▸ **Work order**:
Reproduce all of the data exactly. Images are not to appear in the reply.

Stored data entries:
────────
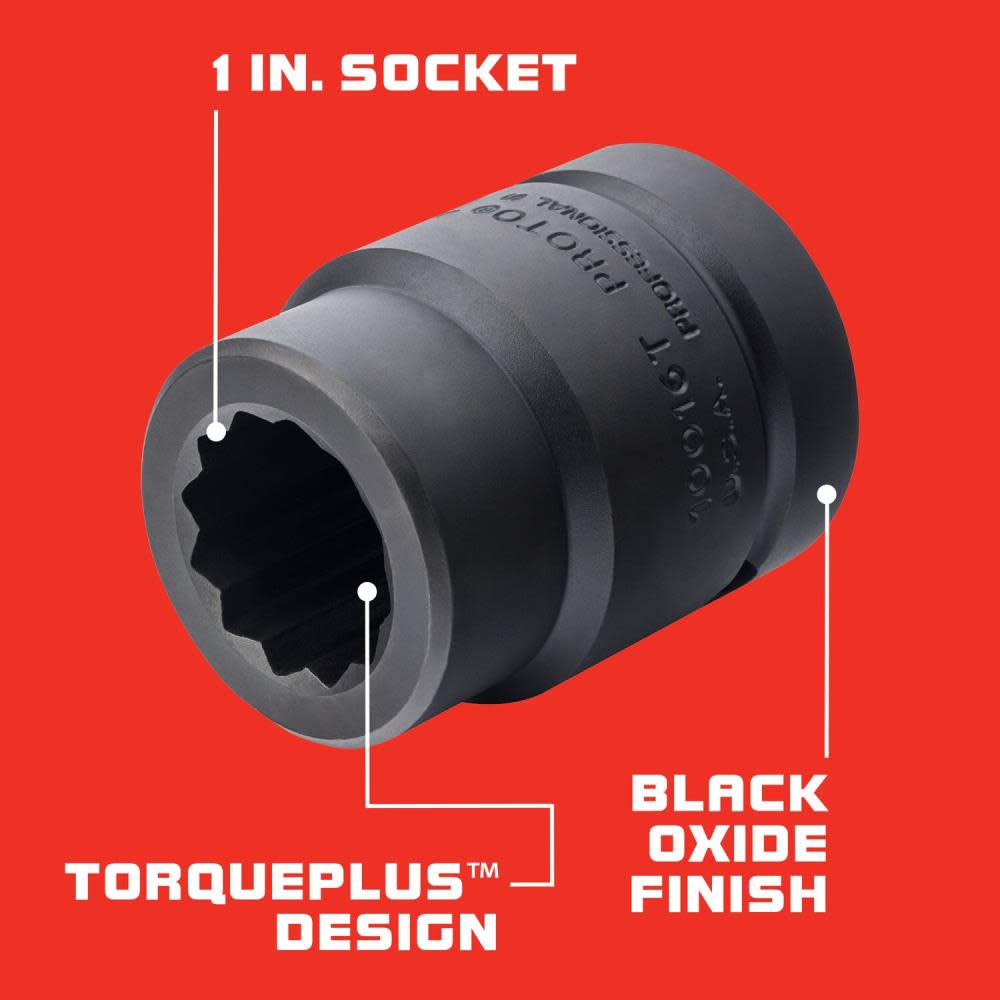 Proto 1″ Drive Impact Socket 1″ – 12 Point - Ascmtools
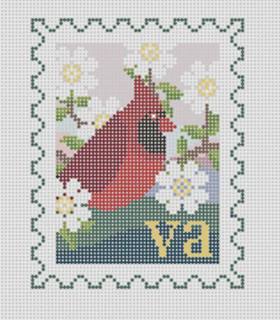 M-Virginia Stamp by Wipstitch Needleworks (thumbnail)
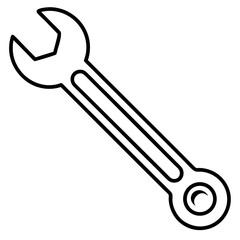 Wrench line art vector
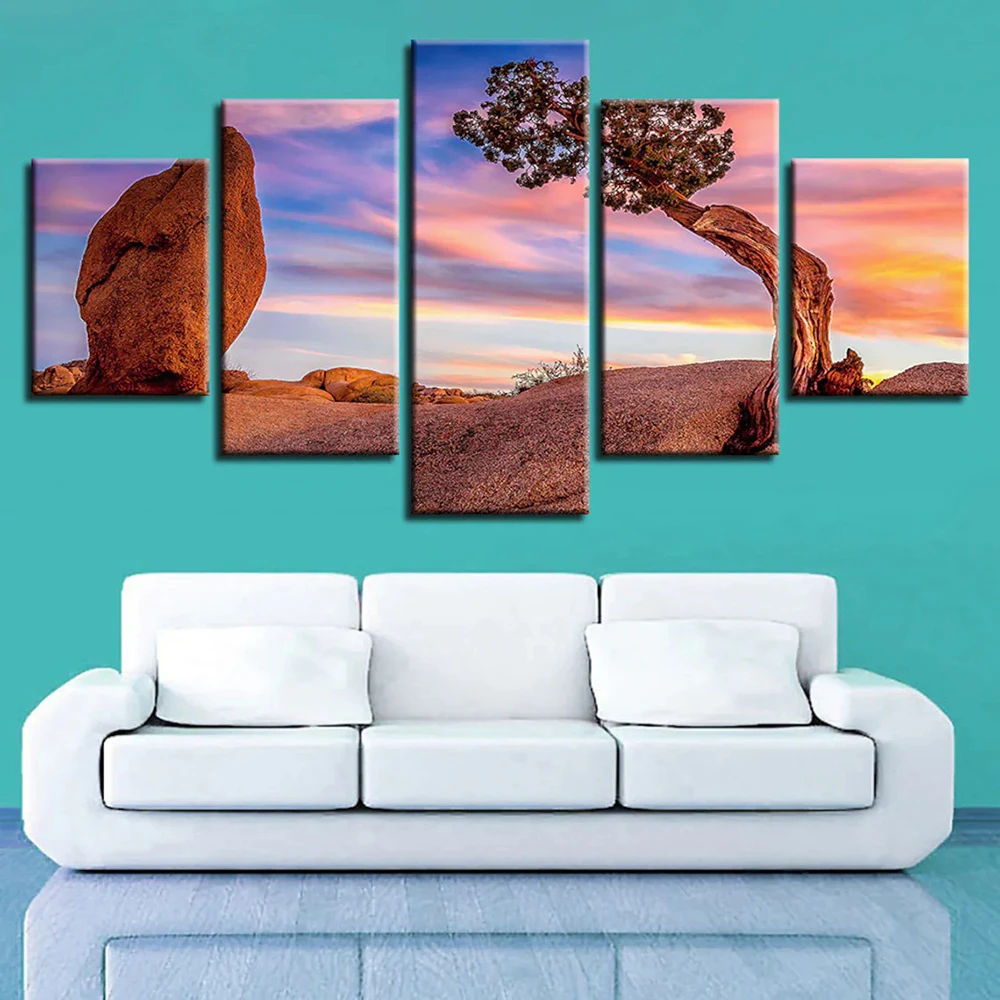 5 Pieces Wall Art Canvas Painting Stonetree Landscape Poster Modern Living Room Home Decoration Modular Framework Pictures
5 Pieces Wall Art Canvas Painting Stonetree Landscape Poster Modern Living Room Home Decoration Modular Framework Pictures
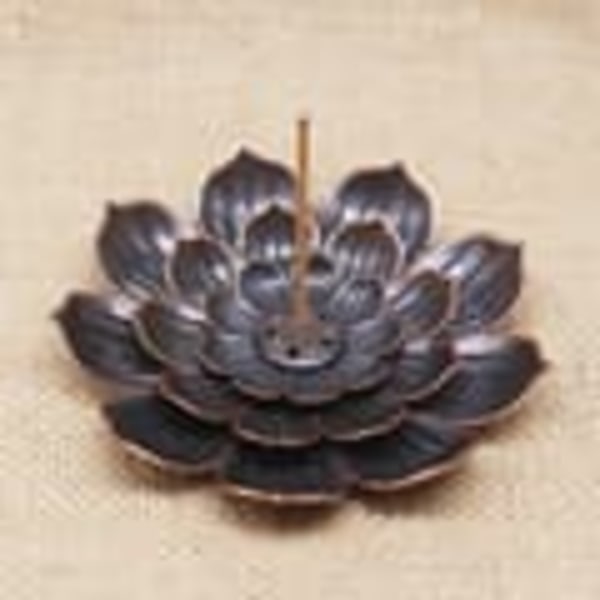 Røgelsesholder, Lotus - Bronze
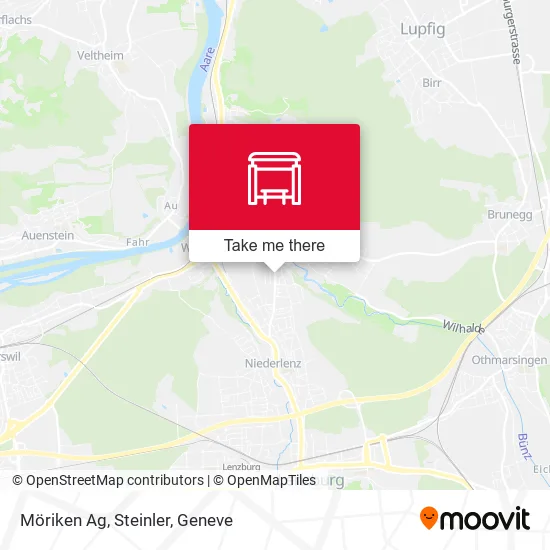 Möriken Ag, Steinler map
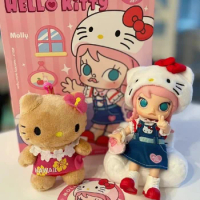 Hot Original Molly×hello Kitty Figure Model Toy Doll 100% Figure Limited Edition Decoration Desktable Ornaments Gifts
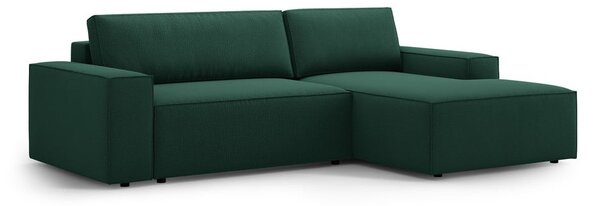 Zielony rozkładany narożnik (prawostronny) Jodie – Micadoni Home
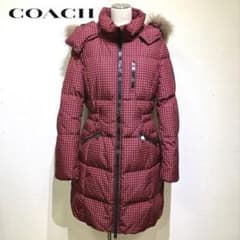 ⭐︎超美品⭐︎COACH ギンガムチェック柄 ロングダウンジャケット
────────
▸ **Solution to the problem**:
 Proto 1″ Drive Impact Socket 1″ – 12 Point - Ascmtools
 M-Virginia Stamp by Wipstitch Needleworks (thumbnail)
 Wrench line art vector
 5 Pieces Wall Art Canvas Painting Stonetree Landscape Poster Modern Living Room Home Decoration Modular Framework Pictures
5 Pieces Wall Art Canvas Painting Stonetree Landscape Poster Modern Living Room Home Decoration Modular Framework Pictures
 Røgelsesholder, Lotus - Bronze
 Möriken Ag, Steinler map
 Hot Original Molly×hello Kitty Figure Model Toy Doll 100% Figure Limited Edition Decoration Desktable Ornaments Gifts
 Zielony rozkładany narożnik (prawostronny) Jodie – Micadoni Home
 ⭐︎超美品⭐︎COACH ギンガムチェック柄 ロングダウンジャケット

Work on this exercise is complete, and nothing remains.